Source material:
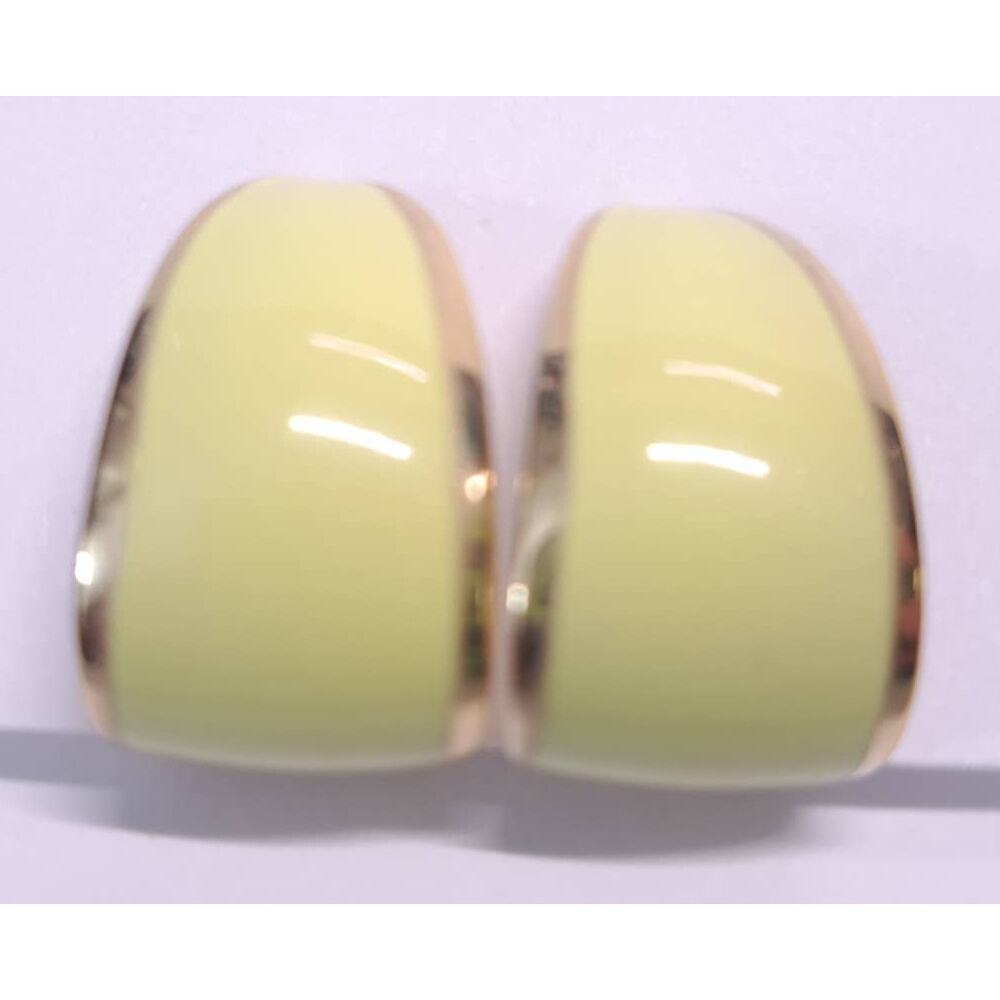 Yellow Goldtone Clip On Earrings Vintage Enamel 1 inch Hoop Huggie Jewelry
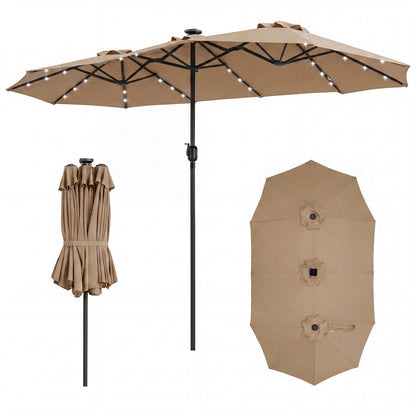 13 FT Double-Sided Patio Umbrella with 36 LED Lights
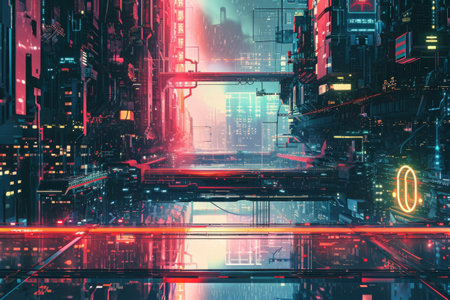 A vibrant cityscape illuminated by neon lights featuring futuristic buildings and bustling activity, Futuristic, abstract scene from a cyberpunk city, AI Generatedの素材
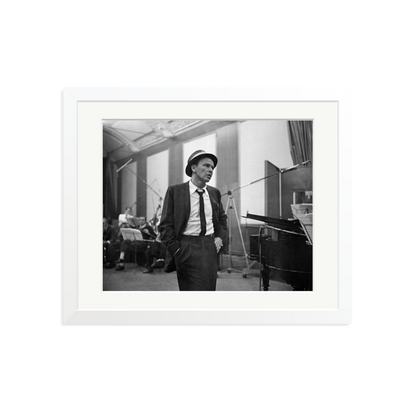 Frank Sinatra Recording 1964 Framed Print White Medium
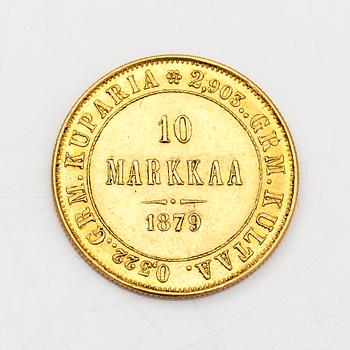 A gold coin, 10 marks, Finland 1879.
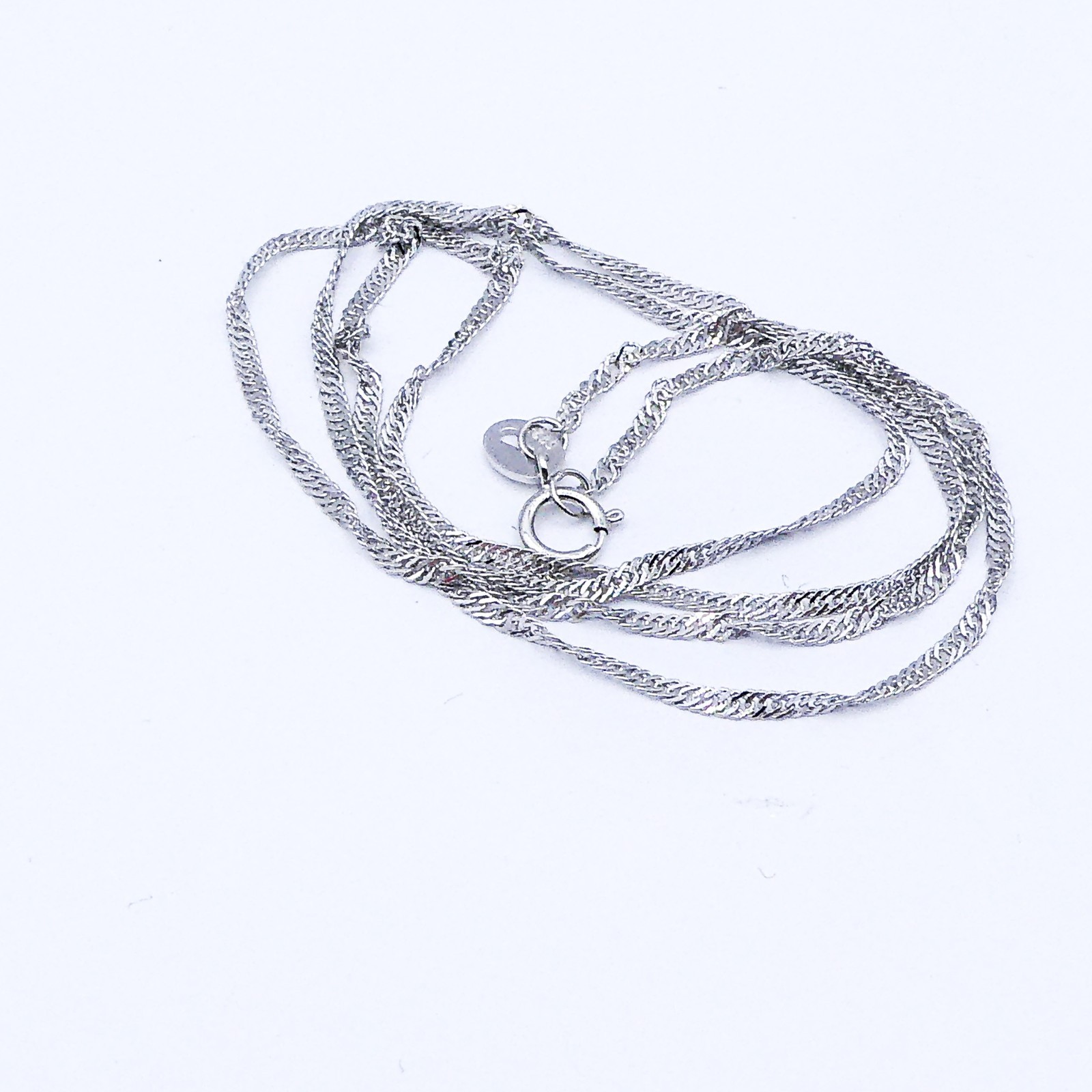 New Sterling Silver Chain Necklace 1.5mm Winding Singapore Mens Womens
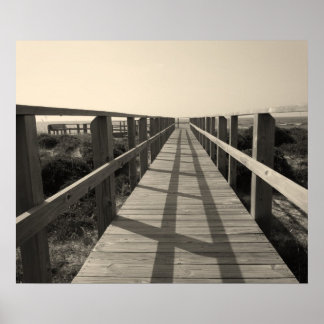 Beach Walk in Sepia Poster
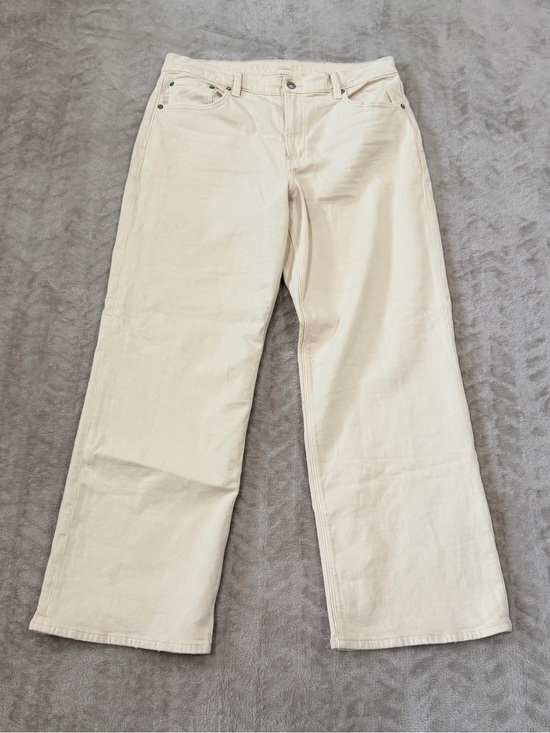 American Eagle Outfitters Denim - AE Cream Wide Leg Pants Size 12 Neutral Minimalist 90s, Baggy, Y2K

Problem description:
Repeat the entries above exactly as written, but not their pictures.

Response:
 Yellow Goldtone Clip On Earrings Vintage Enamel 1 inch Hoop Huggie Jewelry
 13 FT Double-Sided Patio Umbrella with 36 LED Lights
 A vibrant cityscape illuminated by neon lights featuring futuristic buildings and bustling activity, Futuristic, abstract scene from a cyberpunk city, AI Generatedの素材
 Frank Sinatra Recording 1964 Framed Print White Medium
 A gold coin, 10 marks, Finland 1879.
 New Sterling Silver Chain Necklace 1.5mm Winding Singapore Mens Womens
 Beach Walk in Sepia Poster
 American Eagle Outfitters Denim - AE Cream Wide Leg Pants Size 12 Neutral Minimalist 90s, Baggy, Y2K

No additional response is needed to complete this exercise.